In our modern economy, companies should attempt to cut costs wherever possible.  But at some point companies hit a wall where additional cost reductions do not seem possible.  Often, these cost walls develop because of overly complex corporate structures.  Entities that were formerly useful can become burdens when their purpose disappears.  Sometimes these entities remain from a merger or acquisition or may have been formed to facilitate a now defunct tax strategy or to hold a formerly important line of business.  To get to the next level of cost savings, it is often necessary to look at the company’s legal structure, the company’s backbone.

Simplifying the structure to meet your company’s current needs can generate direct cost savings.  It may also allow the company to eliminate levels of bureaucracy that can distract the company’s officers from their primary responsibility, increasing the company’s revenue.

Whether by design or accident, an improper corporate legal structure can cause the corporate functions to become more bureaucratic, which, in turn, can lead to unnecessary expenses, employee dissatisfaction, complacency, and other common issues encountered in bureaucracies.  In addition, a complex legal structure can create inefficiencies in data management and financial and tax reporting.  If your company has such issues because of its legal structure, a reorganization by consolidating and dissolving unnecessary entities can quickly produce real cost savings.

Even if you manage to keep bureaucratic issues at a minimum, you cannot escape the legally-required tax reporting requirements that federal, state, and local governments may impose upon multiple entities.  This can affect your company’s income, property, and payroll tax efficiencies both in its compliance burdens and its overall tax payments.

In the worst case scenario, a company without legal guidance over time may actually increase its tax liabilities by improperly using the entities.  By not knowing the function or tax treatment of each entity, a manager could, for instance, easily use an improper entity for purchasing a property.  You should have your company’s legal structure regularly reviewed to ensure it is producing the lowest possible effective tax rate.
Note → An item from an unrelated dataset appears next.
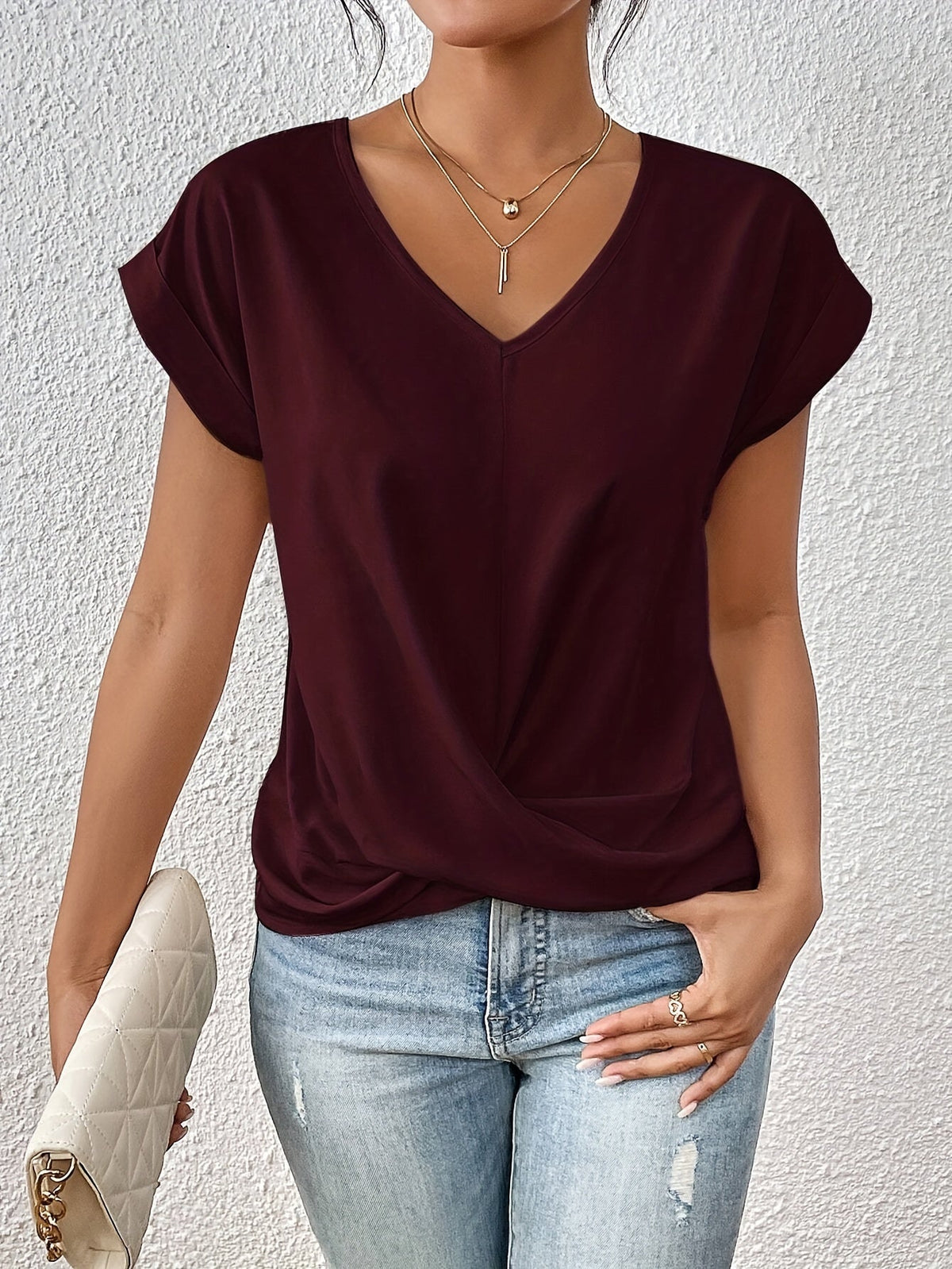 NOA | ELEGANT V-NECK T-SHIRT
A company with an overly complex structure will have increased legal costs.  There are direct costs associated with a company having unnecessary entities, such as additional resident agent and filing costs.  But there are also indirect legal costs, such as inter-company transaction agreements, licensing agreements, and unnecessary inter-company documentation costs.  Further, the company may lose some of its bargaining power with third parties and may unknowingly be negotiating deals as weak individual divisions.  Some third-party contractors may not even realize the size of your business, given many company’s data systems separately log purchases by different entities.

In determining whether your company’s legal structure is too complex, you should involve the key members of your company and its tax and legal advisers.  Untrained tax staff alone may not know the legal ramifications of dissolving or merging entities, so your legal advisers certainly should be involved.  Conversely, an attorney without business or tax training may not understand the effects of changing a company’s structure.

Any company that has entered or left a line of business, bought or sold properties, or underwent a corporate merger or acquisition could very well have lingering legal entity appendages that drain the company’s cash and resources.  Reducing corporate legal complexity to meet current needs provides both foreseeable and unexpected cost benefits to proactive businesses.